The City of Surrey is in the midst of developing an anti-gang violence strategy that will be unveiled this spring — and the federal funding should come just in time to put plans into action. More than $300 million will be divided between the provinces and territories.
"That report will be coming out just as decisions are made about how this federal funding will be utilized," said Terry Waterhouse, the city's director of public safety. "We'll be working to match up our resource needs with that funding."
Waterhouse was one of many stakeholders at a summit in Ottawa where experts agreed that a recent surge in gang violence is deeply troubling.
A regional problem
He says municipalities in Metro Vancouver need to work in unison to tackle the problem.
"The violence can happen in any different community — but it's all of the same players.
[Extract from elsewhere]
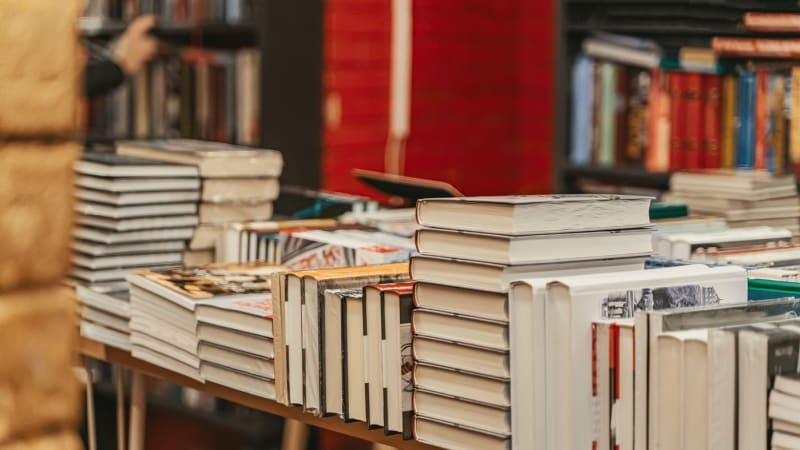 Levné knihy krachují. Řetězec utržil dvě ekonomické rány a nemá sílu dál bojovat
They might live in one part of the region, but they travel to another part to do their business," he said.
"At any given time, any part of the region can be impacted by people that are moving swiftly to move their drugs — and with that, their violence."
The province will ultimately decide where the federal funding ends up, but Public Safety Minister Mike Farnworth promised areas in need will get their fair share.
He says the province is also clamping down on illegal firearms and mid-level drug dealers, while beefing up popular anti-gang programs.
A 'comprehensive approach'
But not everyone agrees that throwing money at young offender programs and law enforcement is effective.
Kash Heed, B.C.'s former solicitor general and former head of the VPD's gang task force, points to years of similar efforts that have yet to yield concrete results.
"These are just one-off strategies that are not going to deal with the violence," he said.
Heed says there needs to be a more comprehensive approach — one that revitalizes B.C.'s criminal justice system and intervenes with youth long before they make negative, life-changing decisions.
"There are going to be gang members that are out there right now that are so entrenched in this lifestyle, they're a lost generation," he said. "The only way we're going to deal with them is to put them in jail and throw the key away."
Young offenders
Simon Fraser University assistant professor Evan McCuish is directing one of the the country's largest ongoing studies examining how young offenders end up in the justice system.
"It's quite problematic," said McCuish, adding that minor assaults and thefts among children tend to be stepping stones. "We need some type of service program for these particularly young kids who can't be dealt with through the formal justice system."
McCuish says intervention programs that target kids as young as eight years old who exhibit anti-social or aggressive behaviour have proven effective in helping them control negative emotions that could lead to crime, but few of those programs are offered in the Lower Mainland.
A mother's concern
Eileen Mohan, mother of Surrey Six murder victim Christopher Mohan, says B.C.'s "broken" justice system should be the province's top funding priority.
"A house needs to have a strong foundation to deter these types of crimes," she said. "If we don't have a deterrent, these crimes will occur over and over again."
Earlier this week, B.C.'s justice system received a failing grade on a report card issued by the Macdonald-Laurier Institute, an Ottawa-based think tank.
The group found that half of B.C.'s violent crimes go unsolved.
"These same people are revolved and revolved into the system," said Mohan. "These gangsters walked to the doorstep of my home, took my innocent son's life, and walked away thinking they won't be caught."